Editorʼs Notebook

This week the Good Samaritan Society sponsored a fishing program for the residents of their Superior home. I wasn’t there to see it. So I can only guess how it was done. I suspect it was similar to carnival games where the players tried to hook a prize.

In country school, we sometimes played a fishing game in which we used a willow stick and dangled a hook over a blind made with a blanket or sheet stretched across a door way. The person on the other side of the blanket would grasp our hook and attach the fish which was a prize or instruction about what we were to do next.

Seeing pictures submited for this issue which showed the residents’ smiles of the Superior Good Samaritian Society’s residents playing a fishing game reminded me of the times my parents took Grandfather Blauvelt fishing.

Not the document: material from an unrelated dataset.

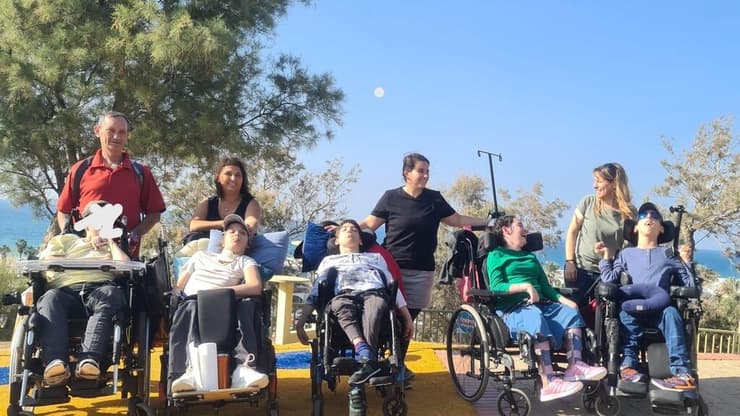 שרה בעת טיול שנתי עם החניכים. "היה לי חשוב להמשיך להיות שם עבורם" (צילום: באדיבות המשפחה) שרה בעת טיול שנתי עם החניכים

Fishing was not something he did in his younger days but in older years he enjoyed being outside and with family. Fishing was one way to accomplish that.

During the summer months, he frequently sat in an old captain’s chair in front of the gasoline station’s store visiting with the station’s customers until closing time.

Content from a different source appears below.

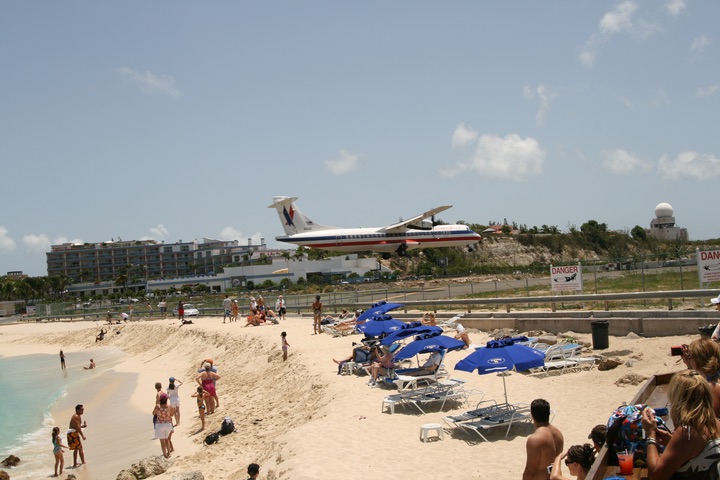 OW ATR72-200 MahoBeach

After the station closed, he would move to the yard in front of his mobile home and listen to the radio.

Grandfather closely followed the Kansas City Athletics baseball team and his transistor radio allowed him to sit in the yard listening to their baseball games. His wasn’t one of the small radios. It was about the size of a shoebox. If the A’s were playing a doubleheader on the west coast, he was in the yard long after I had gone to bed.

Grandfather frequently wore his false teeth in his shirt pocket. More than once he enlisted my aid in the wee hours of the night to look for his teeth. My help was often needed after Kansas City made a key play which caused him to whoop and holler and his false teeth to go flying. He likely didn’t miss the teeth until he was ready to go inside for the night. As he gathered up his straw hat, radio and lawn chair he would realize he didn’t have his teeth. And so he would call for help. I was expected to get down on hands and knees and feel in the grass for the missing chompers. Glad they didn’t bite.

I didn’t share Grandfather’s baseball interest and so I made him sit in the yard alone. If there wasn’t a baseball game to listen to, he was willing to go fishing with me. I had several nearby fishing spots but the elderly man had trouble walking down the steep banks which led to most locations.

We seldom caught a fish, and if we did, it was probably too small to keep or a carp we didn’t like. However, he liked to fish in the irrigation canal because of the easy access.

There was a livestock crossing bridge in the field east of the station. It was possible to maneuver an automobile onto the bridge and dangle a line from the comfort of a lawn chair or one of the automobile’s seats.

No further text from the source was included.